## WHAT NEEDS TO BE DONE
Please quote exactly the lines below from the line containing "Image of lend" to the line containing "Con Trai Út", both lines included, and nothing else.

-------- RECORD EXTRACTS --------

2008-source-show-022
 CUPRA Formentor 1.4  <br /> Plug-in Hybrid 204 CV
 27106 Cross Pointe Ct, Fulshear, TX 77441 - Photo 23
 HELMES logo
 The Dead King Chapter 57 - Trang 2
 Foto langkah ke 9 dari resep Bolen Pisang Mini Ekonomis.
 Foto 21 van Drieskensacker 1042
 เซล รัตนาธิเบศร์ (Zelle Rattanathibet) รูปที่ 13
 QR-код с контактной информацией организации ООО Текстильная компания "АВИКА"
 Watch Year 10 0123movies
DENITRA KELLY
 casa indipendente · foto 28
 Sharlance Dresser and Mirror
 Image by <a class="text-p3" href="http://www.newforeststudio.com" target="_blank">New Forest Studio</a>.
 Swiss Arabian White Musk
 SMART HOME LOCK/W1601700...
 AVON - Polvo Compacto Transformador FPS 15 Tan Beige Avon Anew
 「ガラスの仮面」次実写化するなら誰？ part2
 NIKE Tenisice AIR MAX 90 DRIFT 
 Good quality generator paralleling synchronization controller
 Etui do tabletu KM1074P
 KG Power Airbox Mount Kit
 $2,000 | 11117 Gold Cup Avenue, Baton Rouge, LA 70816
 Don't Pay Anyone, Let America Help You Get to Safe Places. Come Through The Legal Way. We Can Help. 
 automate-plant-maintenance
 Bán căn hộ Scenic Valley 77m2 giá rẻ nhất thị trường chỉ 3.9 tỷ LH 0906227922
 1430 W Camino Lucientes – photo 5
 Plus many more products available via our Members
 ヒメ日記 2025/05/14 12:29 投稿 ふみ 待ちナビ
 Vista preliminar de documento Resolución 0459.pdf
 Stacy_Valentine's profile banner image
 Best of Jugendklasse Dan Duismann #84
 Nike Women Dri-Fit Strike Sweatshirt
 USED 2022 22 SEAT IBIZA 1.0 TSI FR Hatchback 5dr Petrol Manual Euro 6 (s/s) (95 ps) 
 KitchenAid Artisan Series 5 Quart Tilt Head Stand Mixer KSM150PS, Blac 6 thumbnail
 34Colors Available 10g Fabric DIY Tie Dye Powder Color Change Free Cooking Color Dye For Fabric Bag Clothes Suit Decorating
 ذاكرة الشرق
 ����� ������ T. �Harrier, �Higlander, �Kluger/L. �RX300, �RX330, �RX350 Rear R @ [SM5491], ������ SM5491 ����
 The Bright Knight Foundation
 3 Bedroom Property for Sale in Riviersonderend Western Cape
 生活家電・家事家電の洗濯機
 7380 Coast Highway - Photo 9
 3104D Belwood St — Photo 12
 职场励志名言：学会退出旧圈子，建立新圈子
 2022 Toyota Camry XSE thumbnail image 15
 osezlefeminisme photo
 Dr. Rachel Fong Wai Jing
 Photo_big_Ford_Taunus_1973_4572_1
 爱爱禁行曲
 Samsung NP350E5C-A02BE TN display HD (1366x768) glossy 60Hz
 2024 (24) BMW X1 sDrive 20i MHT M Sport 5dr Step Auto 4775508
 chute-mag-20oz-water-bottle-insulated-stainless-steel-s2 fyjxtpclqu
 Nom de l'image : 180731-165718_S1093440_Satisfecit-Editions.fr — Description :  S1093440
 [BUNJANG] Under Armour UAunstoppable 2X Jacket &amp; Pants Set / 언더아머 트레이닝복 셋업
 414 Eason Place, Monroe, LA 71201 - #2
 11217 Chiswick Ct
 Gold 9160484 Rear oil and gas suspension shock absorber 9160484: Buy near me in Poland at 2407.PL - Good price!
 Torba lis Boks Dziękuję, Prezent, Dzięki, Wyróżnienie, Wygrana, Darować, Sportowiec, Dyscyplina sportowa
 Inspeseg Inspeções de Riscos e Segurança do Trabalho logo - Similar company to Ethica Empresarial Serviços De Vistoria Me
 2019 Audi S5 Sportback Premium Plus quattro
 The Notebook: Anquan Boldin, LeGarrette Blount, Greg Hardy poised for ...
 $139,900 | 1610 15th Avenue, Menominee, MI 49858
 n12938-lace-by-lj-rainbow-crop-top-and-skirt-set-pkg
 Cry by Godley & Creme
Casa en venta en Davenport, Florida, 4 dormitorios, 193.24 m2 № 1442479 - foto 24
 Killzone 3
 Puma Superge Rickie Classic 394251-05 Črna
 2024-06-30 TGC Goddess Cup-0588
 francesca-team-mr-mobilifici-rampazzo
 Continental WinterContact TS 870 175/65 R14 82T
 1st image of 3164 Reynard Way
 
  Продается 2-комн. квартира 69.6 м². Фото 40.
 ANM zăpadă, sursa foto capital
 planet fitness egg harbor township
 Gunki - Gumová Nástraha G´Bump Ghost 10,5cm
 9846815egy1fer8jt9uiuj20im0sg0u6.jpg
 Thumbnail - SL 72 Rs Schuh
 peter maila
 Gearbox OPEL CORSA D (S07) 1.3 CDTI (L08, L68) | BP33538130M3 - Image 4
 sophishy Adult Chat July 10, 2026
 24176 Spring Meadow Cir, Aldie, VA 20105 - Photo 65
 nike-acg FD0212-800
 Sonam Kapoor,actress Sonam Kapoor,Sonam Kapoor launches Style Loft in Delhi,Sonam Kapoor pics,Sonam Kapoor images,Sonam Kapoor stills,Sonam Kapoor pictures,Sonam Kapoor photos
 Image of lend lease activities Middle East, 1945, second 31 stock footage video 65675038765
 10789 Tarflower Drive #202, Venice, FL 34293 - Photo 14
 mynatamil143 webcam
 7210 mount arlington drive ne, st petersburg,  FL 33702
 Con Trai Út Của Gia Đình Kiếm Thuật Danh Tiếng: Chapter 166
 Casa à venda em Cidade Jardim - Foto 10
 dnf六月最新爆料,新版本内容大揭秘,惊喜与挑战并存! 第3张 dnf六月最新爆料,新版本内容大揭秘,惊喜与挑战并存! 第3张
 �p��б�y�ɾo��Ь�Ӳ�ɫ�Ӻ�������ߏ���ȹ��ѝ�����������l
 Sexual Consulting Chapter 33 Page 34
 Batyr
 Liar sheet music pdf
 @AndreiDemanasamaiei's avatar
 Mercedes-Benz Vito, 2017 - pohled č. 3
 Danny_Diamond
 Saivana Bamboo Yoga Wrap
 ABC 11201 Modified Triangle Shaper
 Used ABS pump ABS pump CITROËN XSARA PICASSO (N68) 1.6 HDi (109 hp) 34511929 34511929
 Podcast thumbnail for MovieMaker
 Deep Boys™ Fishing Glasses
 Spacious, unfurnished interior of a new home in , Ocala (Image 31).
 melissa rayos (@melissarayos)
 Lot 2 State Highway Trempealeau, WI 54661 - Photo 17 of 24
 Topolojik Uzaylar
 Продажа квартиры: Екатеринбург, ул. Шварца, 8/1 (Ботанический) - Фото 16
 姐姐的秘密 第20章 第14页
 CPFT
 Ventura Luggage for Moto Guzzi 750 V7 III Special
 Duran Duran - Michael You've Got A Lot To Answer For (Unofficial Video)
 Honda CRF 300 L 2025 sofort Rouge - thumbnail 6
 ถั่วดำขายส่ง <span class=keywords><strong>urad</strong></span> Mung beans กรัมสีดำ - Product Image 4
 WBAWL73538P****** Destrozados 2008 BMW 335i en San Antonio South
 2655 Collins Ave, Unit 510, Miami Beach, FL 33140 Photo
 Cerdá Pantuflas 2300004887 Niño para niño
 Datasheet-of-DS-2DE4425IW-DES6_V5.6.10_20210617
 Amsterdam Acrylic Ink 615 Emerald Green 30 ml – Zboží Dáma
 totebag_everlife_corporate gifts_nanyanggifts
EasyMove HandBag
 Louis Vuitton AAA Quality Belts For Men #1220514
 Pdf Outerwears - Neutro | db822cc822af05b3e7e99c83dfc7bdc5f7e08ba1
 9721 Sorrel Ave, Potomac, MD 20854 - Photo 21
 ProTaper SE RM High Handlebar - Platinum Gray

--------

## RESPONSE BOX
 Image of lend lease activities Middle East, 1945, second 31 stock footage video 65675038765
 10789 Tarflower Drive #202, Venice, FL 34293 - Photo 14
 mynatamil143 webcam
 7210 mount arlington drive ne, st petersburg,  FL 33702
 Con Trai Út Của Gia Đình Kiếm Thuật Danh Tiếng: Chapter 166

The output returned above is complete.